David Miller, institutional trader was found guilty in the Apple Trading fraud. On October 25, 2012, the day Apple was scheduled to announce its earnings for the quarter, co-conspirator of David Miller wrote the order in such a way that Miller could later claim he misinterpreted it. Miller would then execute a trade for 1,000 times the number of shares written in the order. If the trade proved profitable, Miller and his co-conspirator would share in the profits. If the trade proved unprofitable, Miller would claim human error, leaving Rochdale holding the losing position.
A former Rochdale Securities trader, the 40-year-old David Miller entered a guilty plea in a Hartford, Connecticut court . In addition to the criminal proceedings, Miller also faces a related civil fraud lawsuit, filed against him by the Securities and Exchange Commission.
On October 25, Miller bought 1.625 million Apple shares ahead of the company’s earnings report, hoping to profit if the stock price went up. Asked by his superiors about the purchase, Miller said that the trade was for a customer that had ordered only 1,625 shares.

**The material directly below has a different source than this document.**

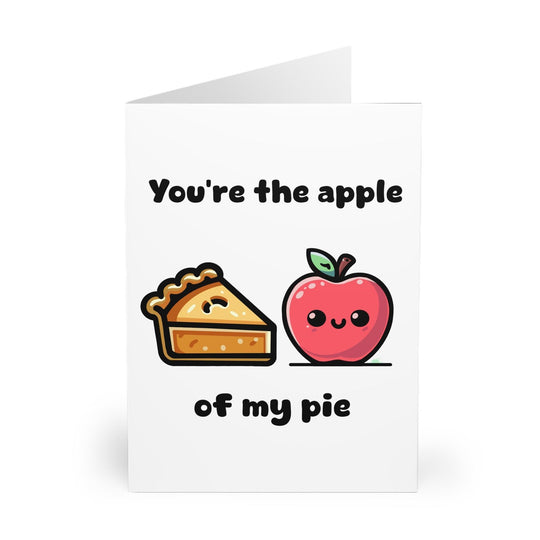 Adorable pie and apple illustration with the phrase 'You’re the Apple of My Pie.' A cute and romantic way to express affection - Baby Keo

Apple’s share prices dropped that day, though — despite the company’s profits being up 25 percent — and Miller and Rochdale were left down $5.3 million. Due to the unsuccessful bet, the suddenly undercapitalized firm ceased operations shortly thereafter, with its staff leaving or being let go in November 2012. In February, the firm asked that the state of Connecticut, the SEC, and other regulators withdraw its registrations.
Prosecutors contend that Miller also defrauded another brokerage when he induced it to sell 500,000 Apple shares, some of it reportedly in hopes of hedging against the Rochdale purchase.
The Federal Bureau of Investigation picked up Miller on wire fraud charges in December.